Dimensionful Parameters

Finally, laboratory experiments have “real units”, so to speak. A common choice of units is electronvolts, micrometrs, and nanokelvin, {eV, µm, nK}.

We provide a consistent set of units, converting everything to eV using \(1=c=\hbar=k_B\).

tdg.units.eV = tensor(1.)

1 electronvolt [per \(c^2=1\)]

tdg.units.μm = tensor(5.0677)

1 = ℏc = 0.1973269804593025 eV µm

tdg.units.micrometers = tensor(5.0677)

Alias for tdg.units.µm

tdg.units.nK = tensor(8.6173e-14)

1 = \(k_B\) = 8.617333262145177e-14 eV / nK

tdg.units.Mass = {'6Li': tensor(5.6031e+09)}

A dictionary of masses of select neutral atoms.

With these units in hand we can construct

class tdg.parameters.Dimensionful(M, T, mu, a, h=tensor([0., 0., 0.]))[source]

All of the parameters must be one consistent system of units. For example, we could do

from tdg.units import eV, µm, nK, Mass
Dimensionful(Mass["6Li"], 250*nK, -500*nK, 0.25*µm ).FiniteVolume(2*µm)
Parameters
  • M (torch.tensor) – Dimensionful mass.
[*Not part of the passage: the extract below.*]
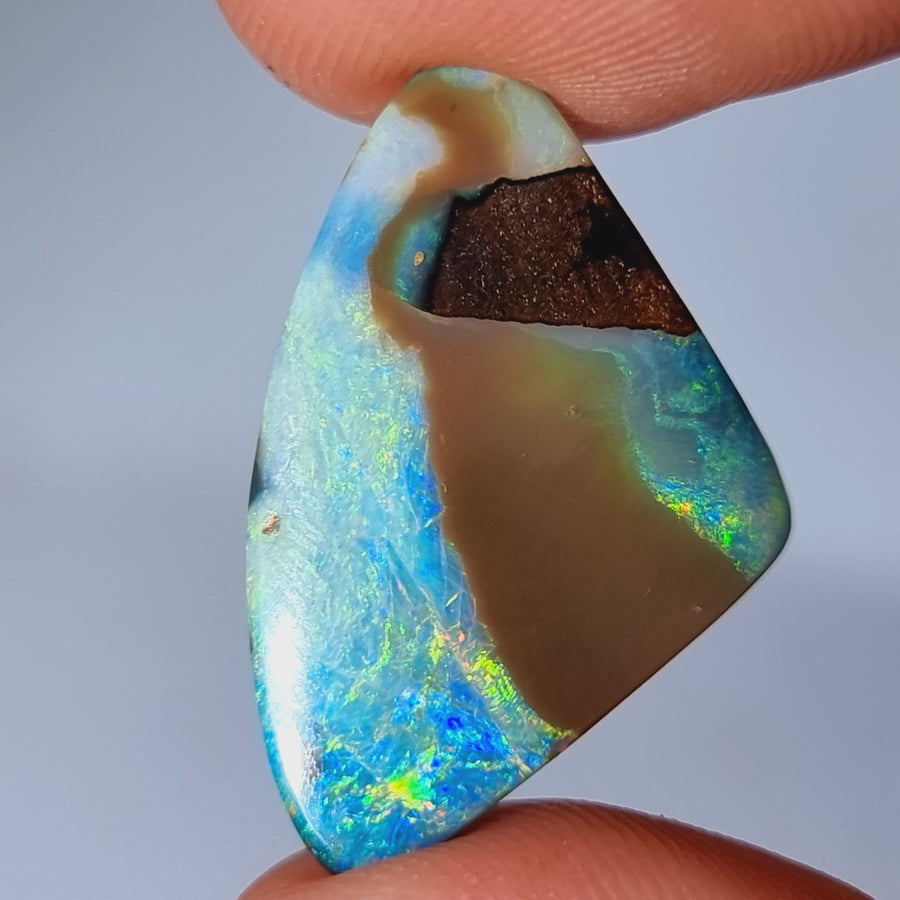 21.90 Ct großer mehrfarbiger Boulder Opal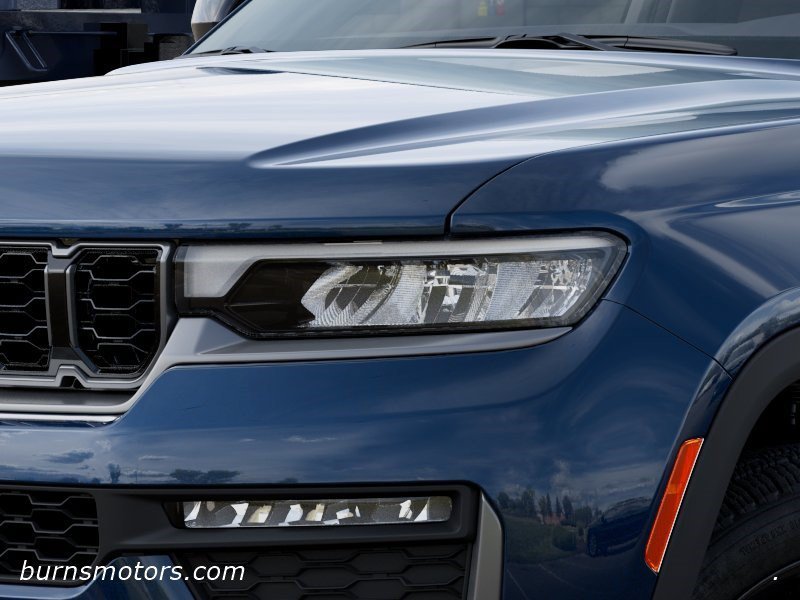 New 2026 Fathom Blue Pearl-Coat Exterior Paint Jeep Limited image 10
  • T (torch.tensor) – Dimensionful temperature.

  • mu (torch.tensor) – Dimensionful chemical potential.

  • a (torch.tensor) – Dimensionful scattering length.

  • h (torch.tensor) – Dimensionful external field.

Thermodynamic()[source]

A tdg.parameters.Thermodynamic built from the dimensionful parameters.

FiniteVolume(L)[source]

A tdg.parameters.FiniteVolume built from the dimensionful parameters and the dimensionful L (in the same system of units).